Voir aussi : Côte d’Ivoire, l’alcool frelaté, un tueur silencieux au vu et au su de tous

Comment lutter contre la consommation de l’alcool frelaté ?

Si rien n’est fait pour mettre de la rigueur dans leur interdiction et leur répression, la jeunesse ivoirienne, qui doit se mettre au travail pour construire son pays, va à sa perte et se dirige tout droit dans le mur.

Pour lutter efficacement contre la consommation de ces produits :

Il faut encadrer la production du « koutoukou » ou tout simplement l’interdire.
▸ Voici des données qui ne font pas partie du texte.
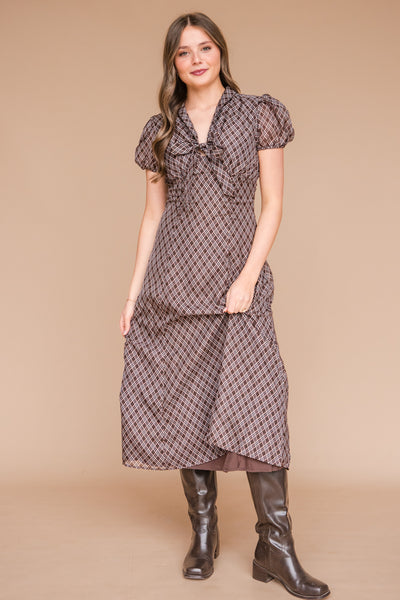 Carson Dress-Brown Plaid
Il faut accentuer les contrôles aux frontières du pays pour empêcher que les boissons frelatées importées ne puissent entrer en Côte d’Ivoire.

Il faut démanteler les entreprises clandestines qui s’adonnent à la fabrication de ces boissons.
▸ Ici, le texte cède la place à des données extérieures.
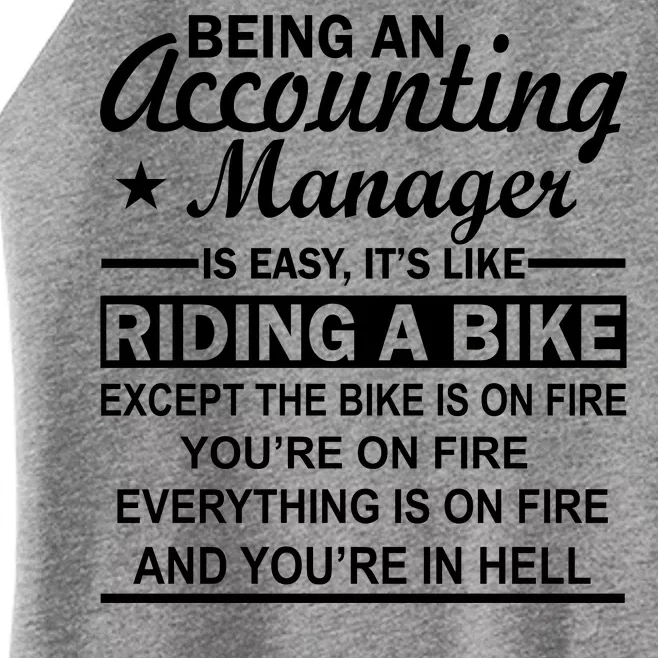 Being An Accounting Manager Riding A Bike In Hell Women’s Perfect Tri Rocker Tank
Il arrive que des agents de sécurité mettent la main sur des personnes en possession de boissons frelatées dans des opérations de sécurisation générale, comme cela a été le cas récemment du côté d’Anyama où une unité clandestine de fabrication de boissons de contrebande a été découverte. Mais il faut peut-être que le gouvernement planche véritablement sur la problématique de la consommation des jeunes, élèves ou non, chez qui les conséquences sont énormes, pour y apporter des réponses vigoureuses et surtout appropriées.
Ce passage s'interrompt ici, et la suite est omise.